Girl Power: Paul Feig calls Melissa McCarthy and Kristen Wiig for new take on ‘Ghostbusters’
An all-female Ghostbusters? Who you gonna call?
Ivan Reitman—who directed that classic comedy-spooktacular from an original screenplay by two of its title-players (Dan Aykroyd and Harold Ramis) and is currently co-producing with Aykroyd the reboot that bows July 15—called Paul Feig.
And why not? When it comes to directing female-driven vehicles, Feig is the latter-day George Cukor.
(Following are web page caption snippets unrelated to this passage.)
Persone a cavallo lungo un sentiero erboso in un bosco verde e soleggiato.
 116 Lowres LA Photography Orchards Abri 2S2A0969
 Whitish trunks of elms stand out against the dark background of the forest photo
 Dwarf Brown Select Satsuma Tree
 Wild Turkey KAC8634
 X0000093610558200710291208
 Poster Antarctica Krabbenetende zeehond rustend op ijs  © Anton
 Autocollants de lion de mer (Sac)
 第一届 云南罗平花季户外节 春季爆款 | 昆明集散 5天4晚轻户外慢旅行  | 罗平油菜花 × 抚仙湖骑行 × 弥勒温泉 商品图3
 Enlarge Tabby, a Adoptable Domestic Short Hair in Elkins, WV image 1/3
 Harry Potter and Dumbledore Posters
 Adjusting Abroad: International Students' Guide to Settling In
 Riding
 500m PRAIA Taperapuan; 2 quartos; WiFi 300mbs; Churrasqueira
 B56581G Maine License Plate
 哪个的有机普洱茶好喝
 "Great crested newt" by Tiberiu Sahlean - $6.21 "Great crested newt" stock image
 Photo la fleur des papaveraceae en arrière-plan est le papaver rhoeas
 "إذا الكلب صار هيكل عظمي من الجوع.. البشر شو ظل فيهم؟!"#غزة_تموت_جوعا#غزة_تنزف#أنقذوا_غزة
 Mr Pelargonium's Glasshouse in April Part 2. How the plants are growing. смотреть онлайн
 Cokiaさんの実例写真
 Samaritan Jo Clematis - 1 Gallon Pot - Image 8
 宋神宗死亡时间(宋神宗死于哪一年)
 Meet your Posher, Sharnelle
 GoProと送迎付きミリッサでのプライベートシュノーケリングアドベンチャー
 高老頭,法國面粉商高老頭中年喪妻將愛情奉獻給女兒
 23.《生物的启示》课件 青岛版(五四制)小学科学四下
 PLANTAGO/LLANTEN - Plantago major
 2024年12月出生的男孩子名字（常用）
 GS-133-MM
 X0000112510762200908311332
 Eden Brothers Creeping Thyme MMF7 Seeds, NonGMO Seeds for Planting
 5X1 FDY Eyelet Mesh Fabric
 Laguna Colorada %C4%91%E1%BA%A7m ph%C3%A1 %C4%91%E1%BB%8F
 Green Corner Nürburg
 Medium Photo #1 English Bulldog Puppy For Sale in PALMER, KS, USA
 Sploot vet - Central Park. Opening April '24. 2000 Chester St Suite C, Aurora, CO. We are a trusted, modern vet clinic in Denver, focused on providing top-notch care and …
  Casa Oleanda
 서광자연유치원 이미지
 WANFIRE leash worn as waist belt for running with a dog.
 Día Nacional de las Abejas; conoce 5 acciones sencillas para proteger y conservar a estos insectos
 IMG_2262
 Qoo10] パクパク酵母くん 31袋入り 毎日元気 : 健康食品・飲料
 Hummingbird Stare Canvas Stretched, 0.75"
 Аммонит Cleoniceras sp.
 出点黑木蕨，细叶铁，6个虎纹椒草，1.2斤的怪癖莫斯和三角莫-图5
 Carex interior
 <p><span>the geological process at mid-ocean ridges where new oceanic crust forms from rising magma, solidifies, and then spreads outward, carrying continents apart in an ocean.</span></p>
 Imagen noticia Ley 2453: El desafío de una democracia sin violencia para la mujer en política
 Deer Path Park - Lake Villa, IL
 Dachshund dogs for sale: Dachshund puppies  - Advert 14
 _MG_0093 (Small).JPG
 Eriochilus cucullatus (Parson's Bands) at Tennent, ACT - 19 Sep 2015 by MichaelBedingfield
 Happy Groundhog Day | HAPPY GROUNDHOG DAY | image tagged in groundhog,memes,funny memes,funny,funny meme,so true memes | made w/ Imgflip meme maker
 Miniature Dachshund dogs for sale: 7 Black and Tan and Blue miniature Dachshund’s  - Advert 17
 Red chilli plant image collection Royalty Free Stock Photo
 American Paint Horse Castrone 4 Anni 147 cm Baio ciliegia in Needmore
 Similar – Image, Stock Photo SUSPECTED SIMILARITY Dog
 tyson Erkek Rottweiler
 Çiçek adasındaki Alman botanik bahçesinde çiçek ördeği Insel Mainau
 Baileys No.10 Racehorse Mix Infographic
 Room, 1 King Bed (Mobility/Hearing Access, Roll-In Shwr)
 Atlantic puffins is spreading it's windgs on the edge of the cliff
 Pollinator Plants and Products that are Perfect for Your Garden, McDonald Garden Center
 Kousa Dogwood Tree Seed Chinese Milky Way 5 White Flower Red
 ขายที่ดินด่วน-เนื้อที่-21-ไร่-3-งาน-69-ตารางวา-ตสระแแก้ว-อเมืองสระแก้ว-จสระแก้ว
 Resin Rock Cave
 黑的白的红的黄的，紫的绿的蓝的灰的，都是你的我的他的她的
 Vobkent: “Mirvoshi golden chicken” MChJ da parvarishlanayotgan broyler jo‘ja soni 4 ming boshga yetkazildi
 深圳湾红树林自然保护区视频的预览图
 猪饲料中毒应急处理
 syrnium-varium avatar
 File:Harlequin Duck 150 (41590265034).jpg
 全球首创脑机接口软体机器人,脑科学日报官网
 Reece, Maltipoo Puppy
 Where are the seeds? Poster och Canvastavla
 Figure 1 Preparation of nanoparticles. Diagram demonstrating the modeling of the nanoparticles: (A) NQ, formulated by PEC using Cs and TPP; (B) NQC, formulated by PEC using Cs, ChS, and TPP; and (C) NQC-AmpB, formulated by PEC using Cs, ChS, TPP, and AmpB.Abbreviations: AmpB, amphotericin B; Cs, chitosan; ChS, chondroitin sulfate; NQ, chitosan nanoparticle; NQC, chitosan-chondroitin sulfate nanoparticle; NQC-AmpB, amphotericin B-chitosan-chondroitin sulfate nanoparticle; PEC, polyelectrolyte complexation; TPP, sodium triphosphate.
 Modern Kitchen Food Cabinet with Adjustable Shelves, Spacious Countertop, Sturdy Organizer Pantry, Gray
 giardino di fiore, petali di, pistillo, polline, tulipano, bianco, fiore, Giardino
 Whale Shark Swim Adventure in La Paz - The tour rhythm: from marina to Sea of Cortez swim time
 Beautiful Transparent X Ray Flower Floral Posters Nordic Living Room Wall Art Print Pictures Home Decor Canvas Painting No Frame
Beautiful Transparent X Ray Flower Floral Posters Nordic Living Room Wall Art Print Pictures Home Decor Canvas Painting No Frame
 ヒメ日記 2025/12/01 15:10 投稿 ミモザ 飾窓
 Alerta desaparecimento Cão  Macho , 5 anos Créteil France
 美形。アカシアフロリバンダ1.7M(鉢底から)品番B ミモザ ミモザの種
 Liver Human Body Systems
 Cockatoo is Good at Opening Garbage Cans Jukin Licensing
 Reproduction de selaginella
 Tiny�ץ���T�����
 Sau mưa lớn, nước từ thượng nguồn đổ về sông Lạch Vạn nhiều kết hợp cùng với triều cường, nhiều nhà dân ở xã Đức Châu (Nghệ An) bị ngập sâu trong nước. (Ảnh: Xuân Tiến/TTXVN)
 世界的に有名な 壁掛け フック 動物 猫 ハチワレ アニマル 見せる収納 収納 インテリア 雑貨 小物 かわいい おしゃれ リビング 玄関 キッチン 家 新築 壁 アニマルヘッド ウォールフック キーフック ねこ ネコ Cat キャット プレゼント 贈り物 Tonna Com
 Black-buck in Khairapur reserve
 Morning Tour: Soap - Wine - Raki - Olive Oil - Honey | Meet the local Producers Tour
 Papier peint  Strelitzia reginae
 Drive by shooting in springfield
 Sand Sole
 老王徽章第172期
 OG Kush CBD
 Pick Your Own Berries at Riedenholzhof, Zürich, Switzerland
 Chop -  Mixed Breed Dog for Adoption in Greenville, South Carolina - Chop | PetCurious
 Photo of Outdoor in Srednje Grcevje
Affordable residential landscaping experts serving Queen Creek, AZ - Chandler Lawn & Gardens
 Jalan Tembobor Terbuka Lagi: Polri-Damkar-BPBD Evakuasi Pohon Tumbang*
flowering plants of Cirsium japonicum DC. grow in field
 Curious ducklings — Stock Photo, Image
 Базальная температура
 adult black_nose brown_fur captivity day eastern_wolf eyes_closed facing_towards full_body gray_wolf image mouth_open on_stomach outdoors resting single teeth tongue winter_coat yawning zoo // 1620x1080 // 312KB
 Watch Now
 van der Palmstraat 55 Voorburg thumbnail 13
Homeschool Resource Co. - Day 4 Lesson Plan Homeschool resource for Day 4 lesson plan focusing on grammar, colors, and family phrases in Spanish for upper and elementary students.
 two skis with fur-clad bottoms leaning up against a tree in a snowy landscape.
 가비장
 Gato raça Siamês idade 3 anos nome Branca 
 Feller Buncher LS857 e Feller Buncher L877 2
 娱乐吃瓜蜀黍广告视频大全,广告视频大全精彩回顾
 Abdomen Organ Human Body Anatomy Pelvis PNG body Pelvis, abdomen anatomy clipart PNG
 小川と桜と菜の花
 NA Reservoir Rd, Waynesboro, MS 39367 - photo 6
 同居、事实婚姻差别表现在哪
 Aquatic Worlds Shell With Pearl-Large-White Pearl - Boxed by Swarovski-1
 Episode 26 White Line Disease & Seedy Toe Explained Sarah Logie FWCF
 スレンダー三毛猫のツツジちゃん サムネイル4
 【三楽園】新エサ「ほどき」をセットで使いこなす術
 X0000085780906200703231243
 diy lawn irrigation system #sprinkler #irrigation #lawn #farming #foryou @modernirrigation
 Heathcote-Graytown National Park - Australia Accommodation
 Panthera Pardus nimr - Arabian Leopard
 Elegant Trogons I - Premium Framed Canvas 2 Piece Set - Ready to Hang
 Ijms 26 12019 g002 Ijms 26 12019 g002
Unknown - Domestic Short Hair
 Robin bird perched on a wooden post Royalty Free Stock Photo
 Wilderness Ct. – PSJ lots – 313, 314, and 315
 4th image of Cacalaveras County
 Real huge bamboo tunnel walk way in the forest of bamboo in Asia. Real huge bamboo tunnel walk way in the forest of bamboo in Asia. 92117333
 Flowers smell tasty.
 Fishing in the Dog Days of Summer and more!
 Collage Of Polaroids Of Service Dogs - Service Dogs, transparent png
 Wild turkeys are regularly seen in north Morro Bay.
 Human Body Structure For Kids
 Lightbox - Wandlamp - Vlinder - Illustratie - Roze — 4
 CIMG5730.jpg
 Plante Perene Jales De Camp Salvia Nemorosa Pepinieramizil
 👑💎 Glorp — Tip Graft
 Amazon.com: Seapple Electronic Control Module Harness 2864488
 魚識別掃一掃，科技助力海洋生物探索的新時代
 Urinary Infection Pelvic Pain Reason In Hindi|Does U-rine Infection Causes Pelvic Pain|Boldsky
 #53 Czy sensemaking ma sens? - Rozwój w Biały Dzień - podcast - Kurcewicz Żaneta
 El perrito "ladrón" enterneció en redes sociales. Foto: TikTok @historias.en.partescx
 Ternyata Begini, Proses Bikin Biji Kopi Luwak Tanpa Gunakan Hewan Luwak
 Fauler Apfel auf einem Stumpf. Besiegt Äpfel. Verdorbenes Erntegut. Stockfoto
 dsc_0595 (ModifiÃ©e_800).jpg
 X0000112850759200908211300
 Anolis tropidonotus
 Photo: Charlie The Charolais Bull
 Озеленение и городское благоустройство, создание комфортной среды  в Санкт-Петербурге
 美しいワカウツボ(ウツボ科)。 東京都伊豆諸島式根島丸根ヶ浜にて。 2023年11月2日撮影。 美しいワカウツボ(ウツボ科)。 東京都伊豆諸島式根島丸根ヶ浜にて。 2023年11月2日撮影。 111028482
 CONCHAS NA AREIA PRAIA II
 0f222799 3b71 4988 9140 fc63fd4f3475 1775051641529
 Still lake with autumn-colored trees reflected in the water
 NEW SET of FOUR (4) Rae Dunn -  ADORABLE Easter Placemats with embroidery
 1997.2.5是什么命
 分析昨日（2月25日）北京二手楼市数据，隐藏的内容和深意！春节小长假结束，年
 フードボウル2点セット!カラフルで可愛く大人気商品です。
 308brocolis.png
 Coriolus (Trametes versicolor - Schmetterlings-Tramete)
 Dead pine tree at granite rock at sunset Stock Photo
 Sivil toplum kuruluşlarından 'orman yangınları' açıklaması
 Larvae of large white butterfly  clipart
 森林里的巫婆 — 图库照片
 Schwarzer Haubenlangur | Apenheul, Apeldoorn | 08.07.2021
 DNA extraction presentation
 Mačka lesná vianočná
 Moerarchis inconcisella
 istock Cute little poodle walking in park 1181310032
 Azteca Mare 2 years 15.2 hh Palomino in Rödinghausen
And, considering that Bridesmaids, The Heat and Spy are all outlandish laugh-fests for the ladies, you could even call him a kooky Cukor.
Feig was in Budapest putting Melissa McCarthy through Spy 101 when the call from Reitman came to direct Ghostbusters 3. “I was very flattered because I was such a fan of his and of the original films,” Feig recalls, “but it was still a sequel script, and when I read it I got the feeling that a sequel this far afterwards wasn’t a good idea. The plotline it pursued was along the lines of a new team being taught by the old gang. I couldn’t find my way into it creatively, so I regretfully turned it down.”
But Sony Pictures’ Amy Pascal was not one to take a single no for an answer. She took Feig to lunch and re-popped the question. “She said, ‘Why don’t any of you comedy filmmakers want to do this? It’s a great franchise just sitting there.’ So, I told her why—that it was so famous and would be impossible to top, all of that—but she really did plant a seed in my head that Ghostbusters was a great idea going to waste.”
Truth to tell, that seed was planted a long time ago. When the original Ghostbusters premiered at the Mann Chinese Theatre in Hollywood in 1984, a 22-year-old Feig was in wide-eyed attendance—a susceptible film-school student seeing God.
“It was mind-blowing,” he remembers distinctively. “I’d never seen a comedy like that before. To have that kind of scope and stakes—just the idea of funny people fighting the paranormal with technology—it played so big! I’ve never heard an audience go so crazy in a theatre than when the Stay Puft Marshmallow Man first showed up. I remember thinking: God! If I could ever make a movie like this…”
And now, thanks to the prodding of Pascal, he at last had the chance. Starting with a clean slate, he began pondering exactly how he would make a movie called Ghostbusters, utilizing none of the characters or the action of the two previous films.
“I thought, ‘Gosh, if I could cast it with the funny women I know, that would be great—and that would help remove it from the direct comparisons I’d get if I tried to recreate any version of the earlier movies. It would just take it out of that world.’
“When I decided to use these funny women, I considered making them the daughters of the original ghostbusters, but I really didn’t like the idea of a new team being handed technology by the old team, so I didn’t go there. Also, I didn’t want a world that had already seen two giant paranormal attacks. I wondered what it would be like if it was our world today, which had never seen anything like that, and into this world comes this paranormal activity. I just liked the idea of establishing an origin story—a new origin story—planting a flag with totally new characters.”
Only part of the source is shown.